Speaker
Description
This presentation brings into focus $^{78,80}$Kr($\gamma$,$\gamma$’), $^{93}$Mo($\gamma$,n) and $^{90}$Zr($\gamma$,n) cross section measurements carried out using real photons at the H$\gamma$GS/TUNL facility. The overarching physics motivation for these experimental investigations is to advance knowledge on a forefront topic in nuclear astrophysics – the nucleosynthesis beyond Fe of the rarest $\it{stable}$ isotopes naturally occurring on Earth (the origin of $\it{p}$-nuclei) by constraining the statistical models that are used to calculate unknown stellar reaction rates. In particular, these stellar reaction rates are highly sensitive to the low-energy tail of the nuclear photon strength function (pSF).

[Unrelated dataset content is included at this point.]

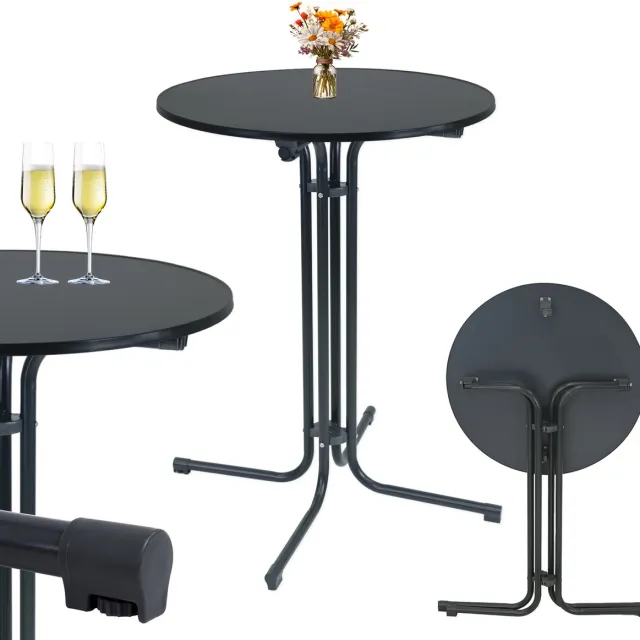 TRUTZHOLM Statafel - Inklapbaar - Bistrotafel - Ø 80 cm - 110 cm hoog - Gepoedercoat stalen frame - MDF tafelblad - Draagvermogen 50 kg - Antraciet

Due to its high selectivity for dipole excitations, real photon scattering via nuclear resonance fluorescence (NRF) is the method of choice to extract experimentally, with high accuracy and model independently, the dipole pSFs in stable nuclei. The quasi-monochromatic and linearly polarized photon beam of very high flux available at H$\gamma$GS makes this facility ideal for investigation of photoabsorption reaction cross section with $\it{p}$-nuclei as targets.
The NRF measurements on $^{78,80}$Kr will provide for the first time information for the low-energy part of the E1-pSF in $^{78,80}$Kr, as direct input into the $\it{p}$-process nucleosynthesis modeling. In this presentation, we will report on the status of data analysis of these very recent measurements.

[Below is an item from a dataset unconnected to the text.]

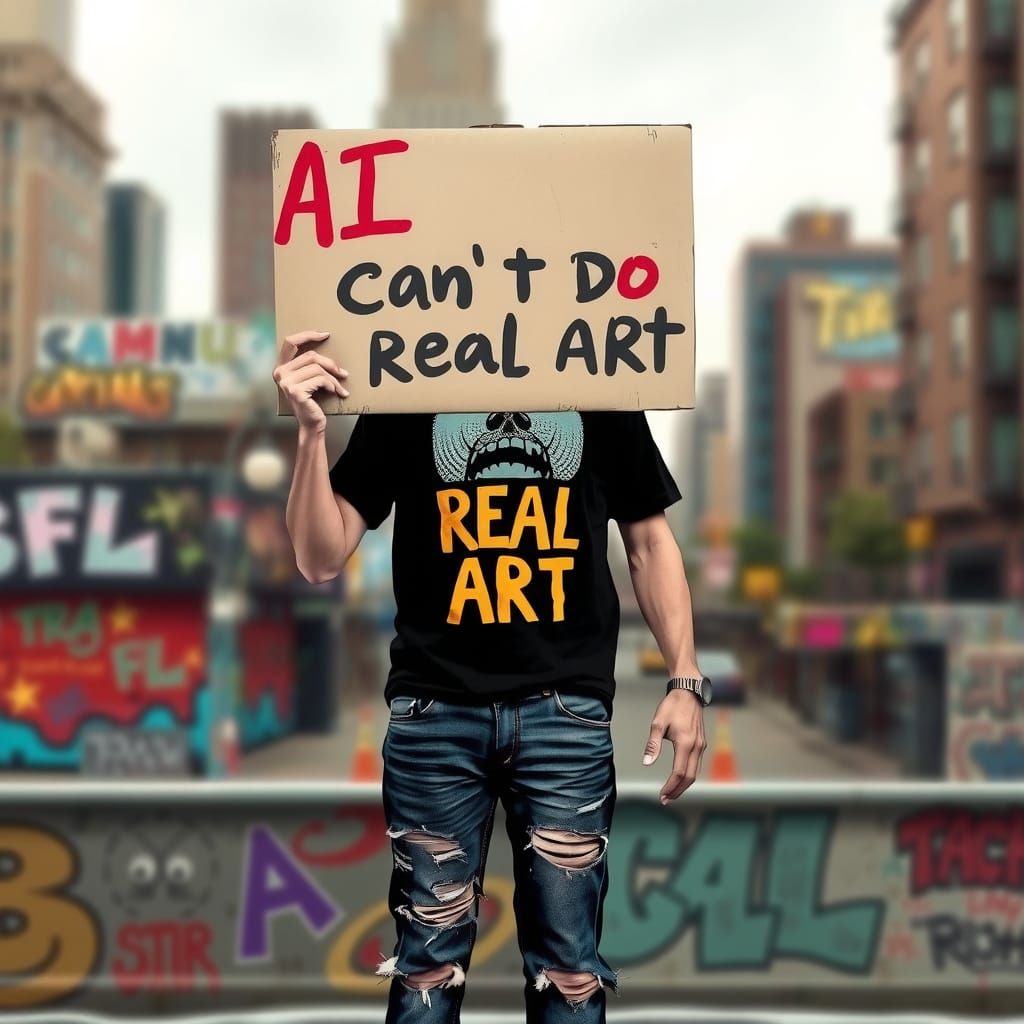Defiant Protester Challenges AI's Creative Claims in Gritty ...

The cross sections for $^{94}$Mo($\gamma$,n) and $^{90}$Zr($\gamma$,n) reactions were measured with high precision, from the respective neutron emission thresholds up to 13.5 MeV. In order to constrain the dipole pSFs in the A $\approx$ 90 mass region, the measured cross sections were compared with predictions of Hauser-Feshbach statistical model calculations using two different dipole pSF models. Since these models are based on fundamentally different physics, they can reflect the existing uncertainties affecting the pSF and also the impact of such uncertainties on reaction cross sections and corresponding astrophysical reaction rates. In this presentation, we will showcase our final results that show how sensitive the $^{94}$Mo($\gamma$,n) and $^{90}$Zr($\gamma$,n) stellar reaction rates can be to the corresponding measured cross sections, as discussed in detail in our recent publication, Phys. Rev. C 99, 025802 (2019).